Tiktok doubles its revenue in Australia

Tiktok Australia has almost doubled its profits, and tripled its revenue during a massive twelve-month growth period in the country.
However, the company’s fortunes are set to be challenged as it faces the looming ban for under-16s and potentially falls within an an expanded news bargaining incentive that may force it to pay news companies.
According to ASIC filings, TikTok Australia made $679 million in the year to December 31, compared to $375.2 million in 2023.
$474.3 million of this came directly from advertisers, with the remainder simply filed under “services”.
The company made $31.2 million in profits, a huge leap from the $11.4 million it cleared in 2023. It’s biggest local expenditure was online advertising spend, for which the company paid $341.7 million. Tiktok paid $11.1 million in income tax in Australia.
There are challenges ahead.
The Albanese government has introduced legislation that will ban Tiktok and various other social media services to all users under 16. The law is set to take effect in December.
The company has vocally opposed the ban, especially the expected exemption to be given to Youtube, which Tiktok called “illogical, anti-competitive, and short-sighted”, and likened to banning all soft drinks to minors aside from Coca-Cola.

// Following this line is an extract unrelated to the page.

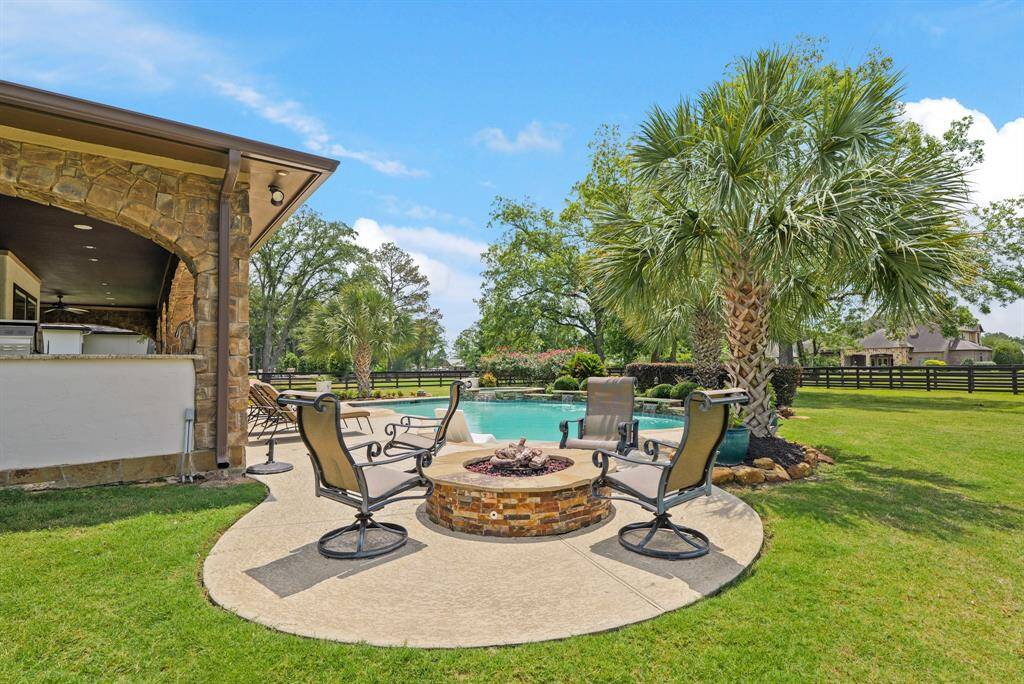 he spacious backyard oasis with a pool & spa is complemented by a spacious covered patio with an auto gas firepit— perfect for entertaining and creating a serene, private retreat.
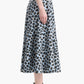 A woman stands in profile against a white background, wearing the Altuzarra Varda Skirt—a blue and black leopard print A-line midi skirt—paired with black high-heeled sandals.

It said the government favouring Youtube over similar video services is “irrational and indefensible”, and argues “the Government has begun its analysis from the starting position that YouTube must be exempt and then attempted, half-heartedly, to reverse-engineer defensible supporting evidence.”

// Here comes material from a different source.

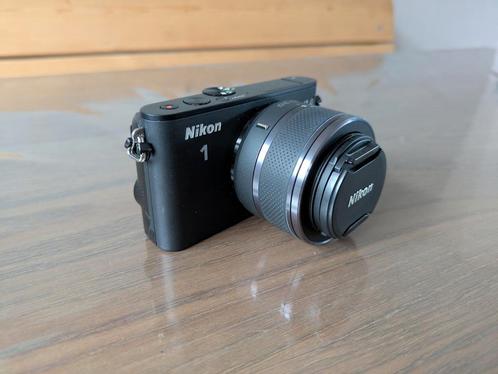 Nikon 1 J3 + 10-30mm

met toebehoren, Audio, Tv en Foto, Fotocamera's Digitaal, Zo goed als nieuw, Compact, Nikon, Geen optische zoom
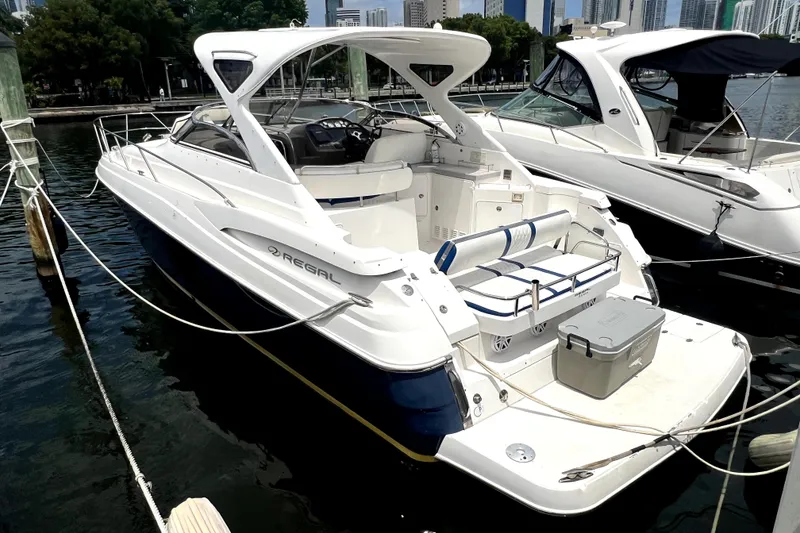 Slide: The Image of 2006 Regal Commodore 3560 IB yacht docked at marina, featuring sleek design and spacious deck. - 40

In addition, Tiktok may fall under the planned news bargaining incentive — an extension of the News Media Bargaining Code — that forces large digital platforms to do deals with news providers or face a levy. The incentive, which has not yet been legislated, applies to “significant social media or search services” that “exceed an annual threshold of $250 million gross revenue attributable to Australian markets.”
Tiktok, as its ASIC filings show, now ticks both these boxes.
It’s YouTube* and TikTok*
Thanks for your comment. Mumbrella house style has recently been changed – we now remove mid-sentence capitalisations and special characters except where removing them would make it more difficult to recognise the name. That is not the case with Youtube or Tiktok.